Царь начал шевелиться, чтобы вылезти опять из-за стола, а боярин Хитрово так ринулся вперед в дверь, что длинные рукава его шубы змиями летели позади.
Царь, забыв уж про протопопа, осторожно спускал ноги с сафьянной скамейки, с которой соскочил царевич, потом медленно стал сползать с кресла, озабоченно обратив к Ртищеву довольный взор:
— Ты, Михайлыч, тово! Платить придется! Как там с Соболиной казной?
У царя даже щеки порозовели.
— Хватит ли? Боле двадцати тысяч, а?
— Хватит, государь! — с поклоном отвечал Ртищев. — Ну, с таможни возьмем… с Новгородской четверти!
— Так, так! А эдак, без диадимы, — говорил царь, — быть нам никак невозможно… Ежели Афанасий-то Лаврентьич[160] нам польский престол доспеет, как тогда без ее, без диадимы-то? А тут она уж и готова, диадима великого Констянтина-царя. А? Ха-ха!
Царь постоял, двое стряпчих одернули на нем кафтан, подали посох, он было двинулся к выходу.
Тут вспомнил про Аввакума:
— Да, ты-то, протопоп… Сейчас-то мне неколи, а случится поговорить — я тебя кликну… Кликну… Ты где стоишь-то?
— У Тверских ворот, у…
Но царь не слушал.
— Ты того, протопоп, живи на подворье монастырском. В Кремле… Я кликну, кликну… Михайлыч, дай ему, протопопу, в шапку десять рублев… Прими, Христа ради!

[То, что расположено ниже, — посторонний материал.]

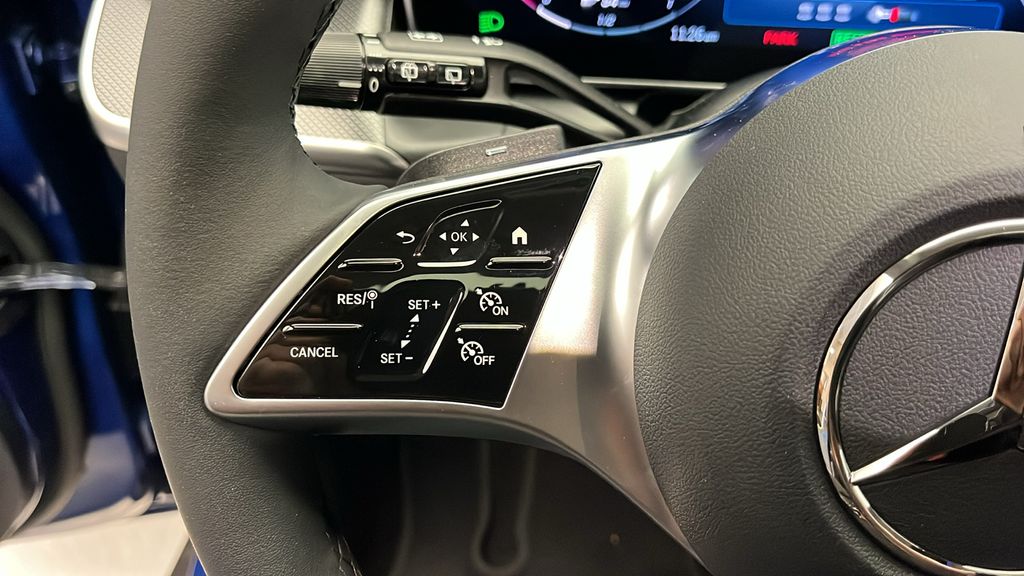 2025 Mercedes-Benz GLC 350 14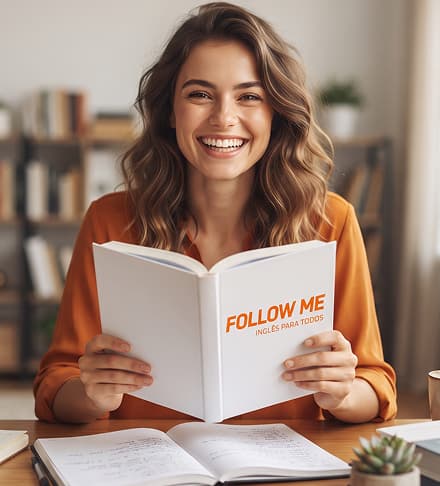 Professora sorrindo com o livro na mão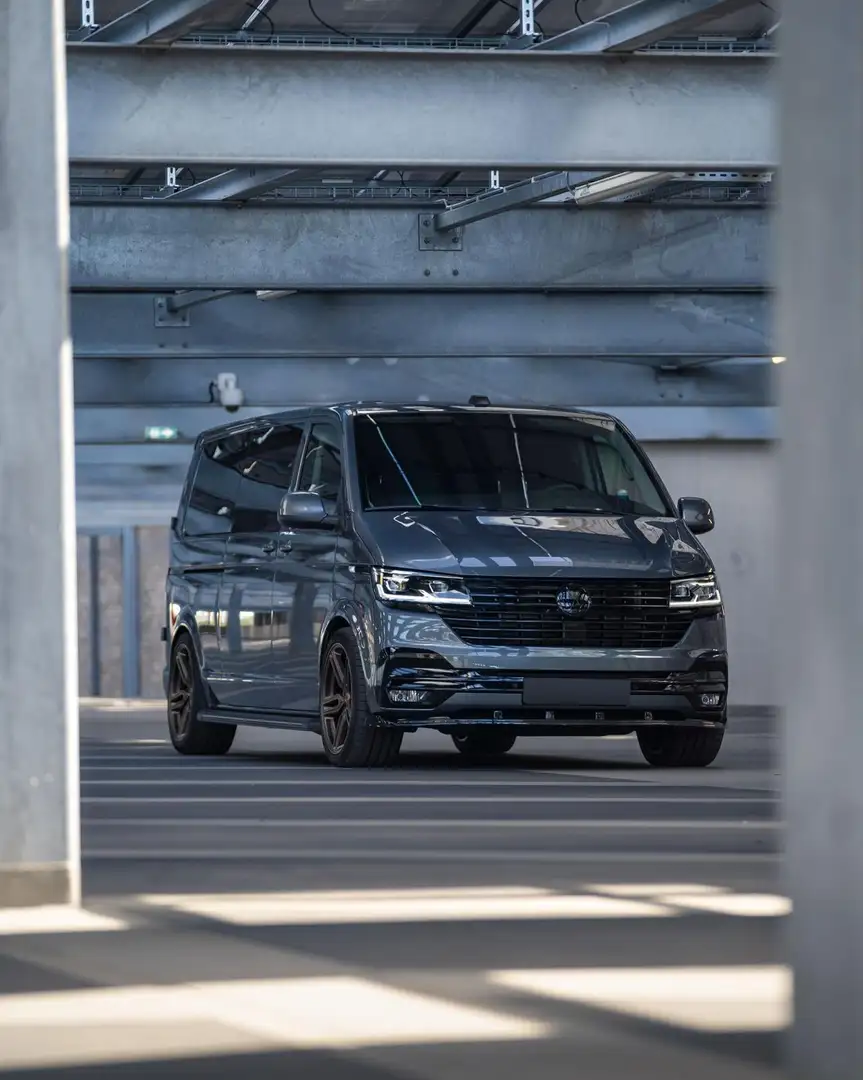 Volkswagen T6.1 Transporter L2H1 2.0 TDI 204pk DSG Bulli Gris - 2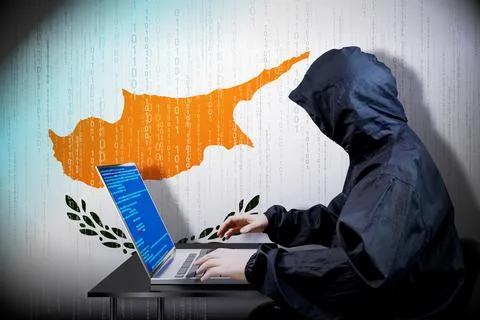 Anonymous hooded hacker, flag of Cyprus, binary code - cyber attack concept Illustrazione stock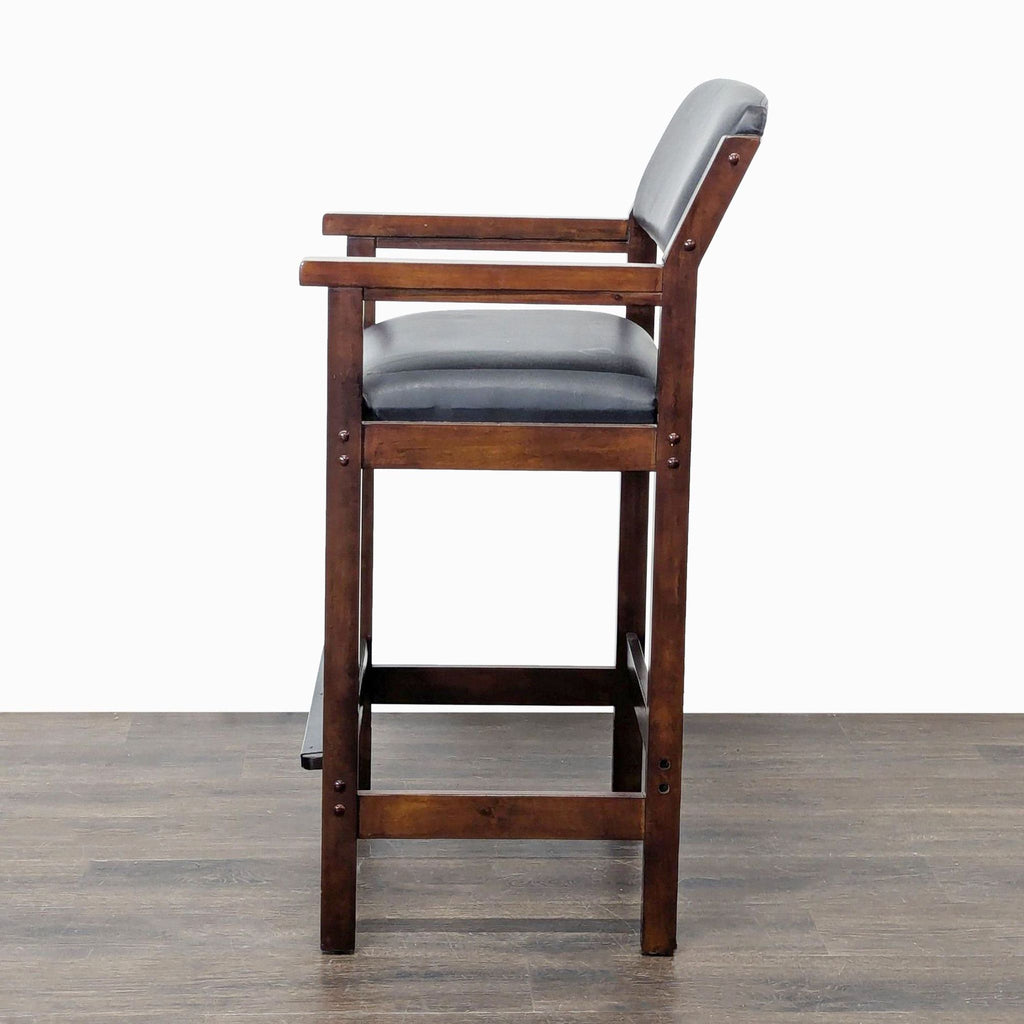 BlueWave Hathaway Cambridge Spectator Chair
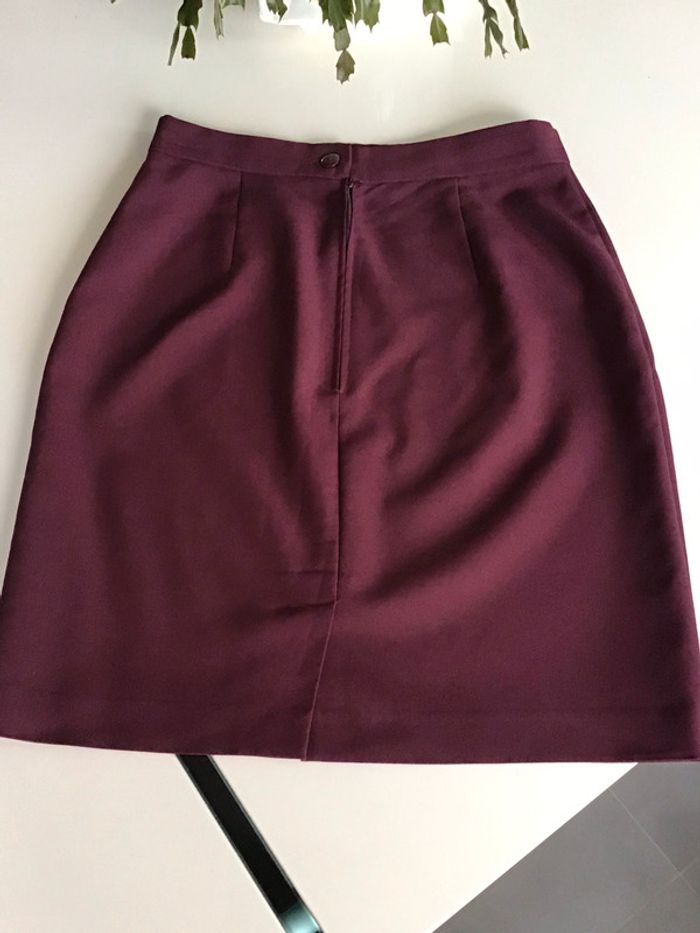 Jupe de tailleur bordeaux - photo numéro 3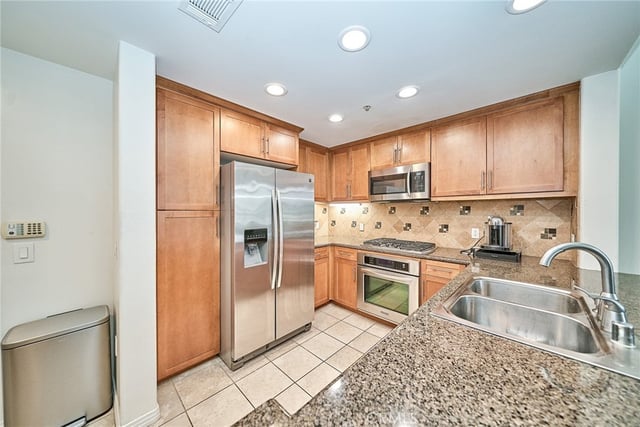 931 E Walnut 607, Pasadena, CA 91106 — photo 12 of 39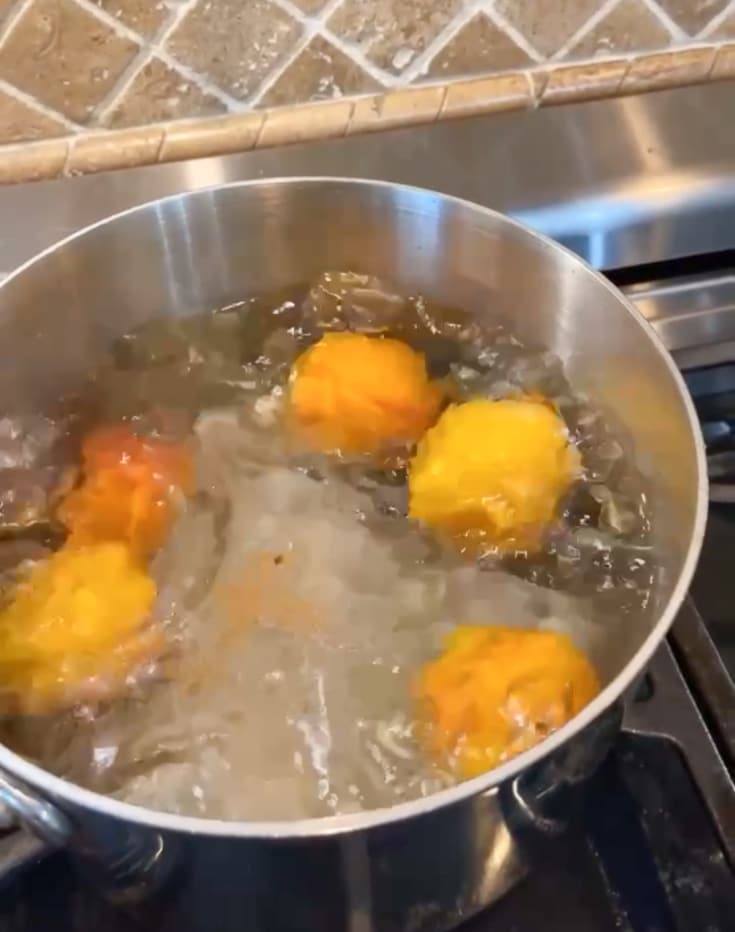 parboiling peaches for a homemade peach pie filling
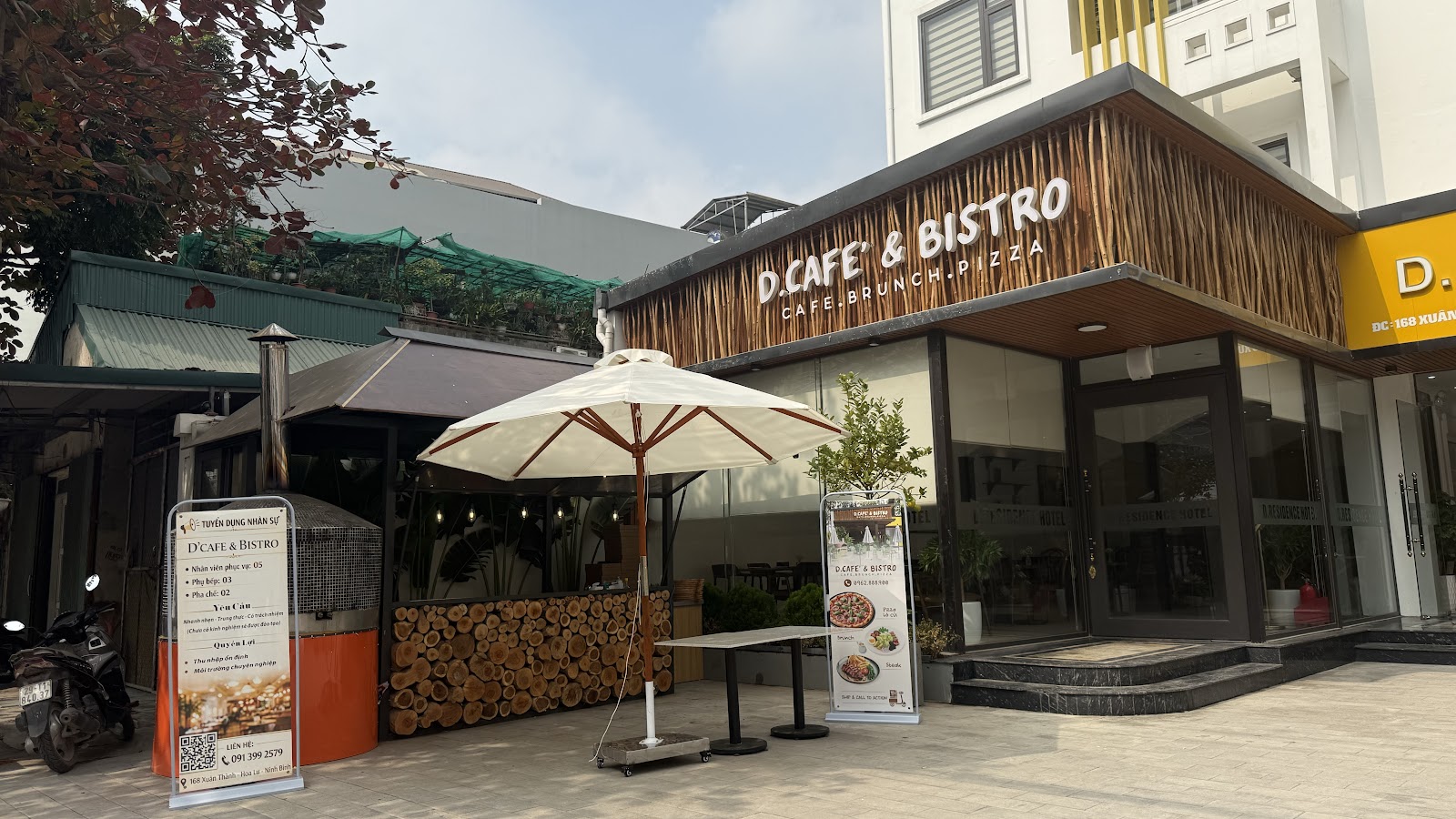 Không gian nhà hàng D.Cafe & Bistro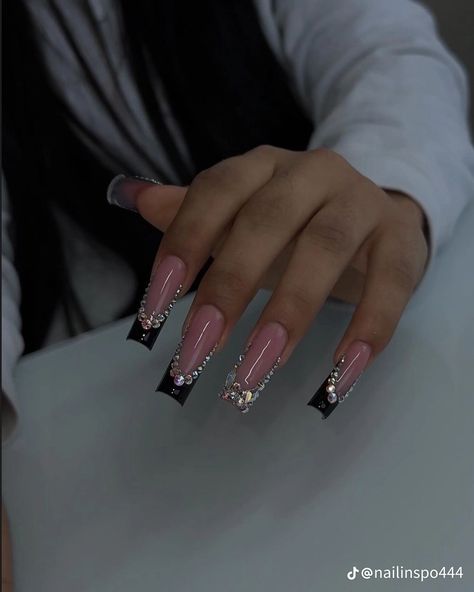 French Tip With Bling, French Tip Nails Medium, Bling French Tip Nails, Bling French Tip, Nails Tech, Black French Tip, Acrylic Nails Nude, Nails Medium Length, Black French Tips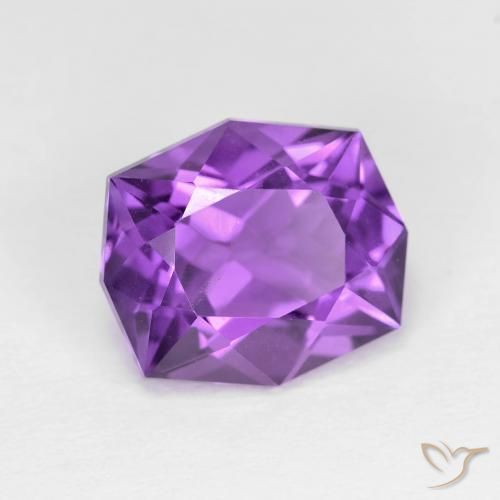 Améthyste Violet moyen naturelle Fantaisie, 4.36 ct, VVS-VS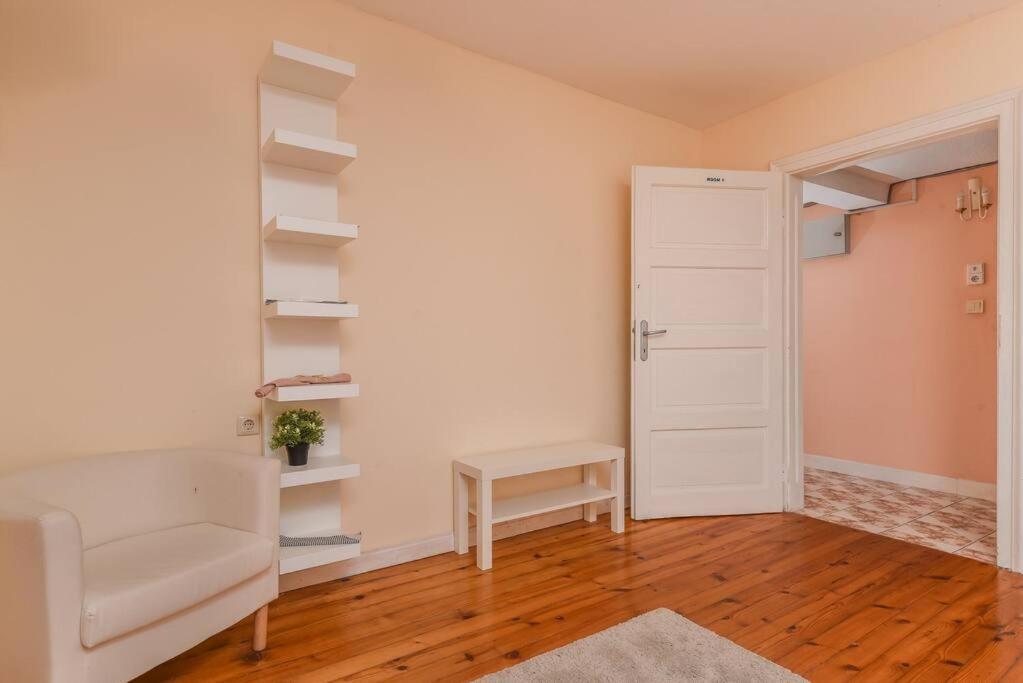 Spacious And Cozy 3 Bedroom Apartment In Downtown صوفيا المظهر الخارجي الصورة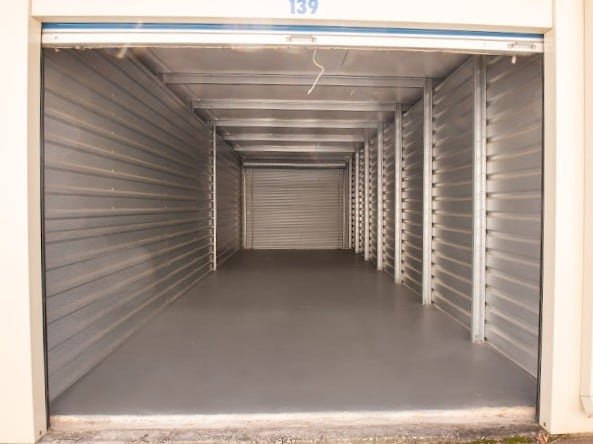 Facility photo: //images.sparefoot.com/medium/243528694aa76f41ecb.jpg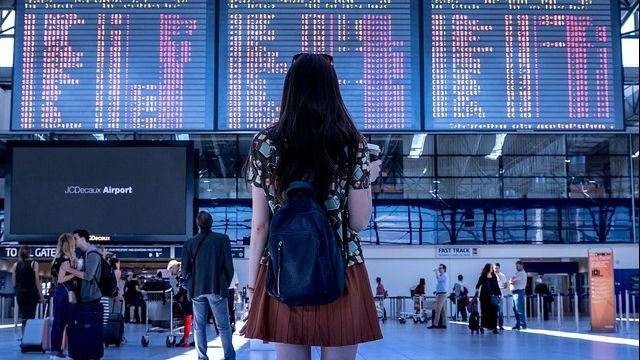 Interzis minorilor. Ce au găsit angajații unui aeroport în valiza unui pasager. Au râs cu lacrimi 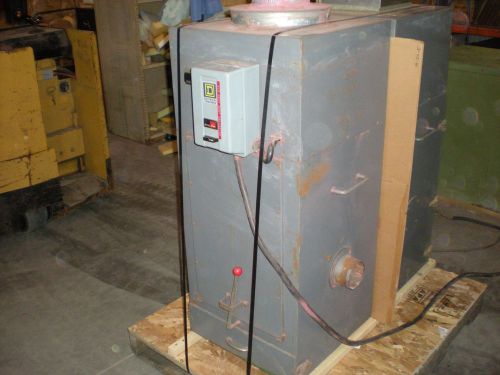NCH Model A3-101 Floor Standing Dust Collector - 200VAC 3Ph - Test Ran OK on 208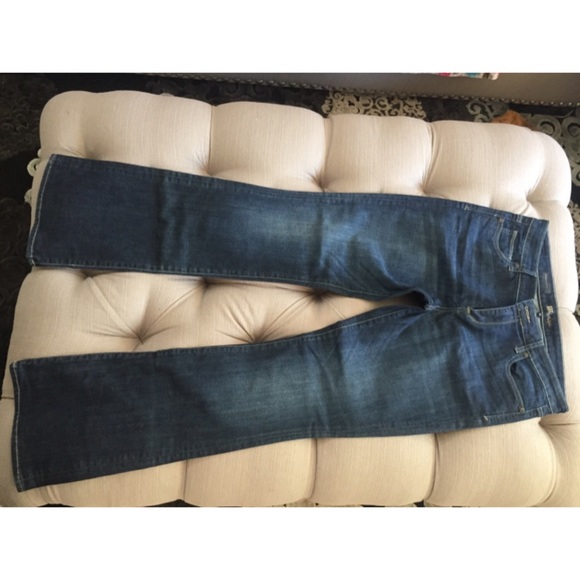 Kut from the Kloth Farrah Baby Bootcut jeans sz 12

Царь двинулся в Переднюю палату, сбоку к нему подскочили два стольника, два стряпчих, позади Ртищев, сзади двинулся по знаку Федора-боярина и протопоп…
Передняя палата примолкла, бояре, толкая друг друга, стояли вокруг небольшого поставца, крытого алым бархатом. Тут же стоял художник — высокий сутулый гречин с огромными черными глазами, с длинной узкой бородкой, в белом кафтане, тонконогий, в узких, шилоносых бархатных башмаках. Цветная отара бояр, примолкнув, бескостно блеснула выгнутыми спинами в низком поклоне, потом медленно стала выпрямляться, уставившись на лежащую на поставце золотую шапку.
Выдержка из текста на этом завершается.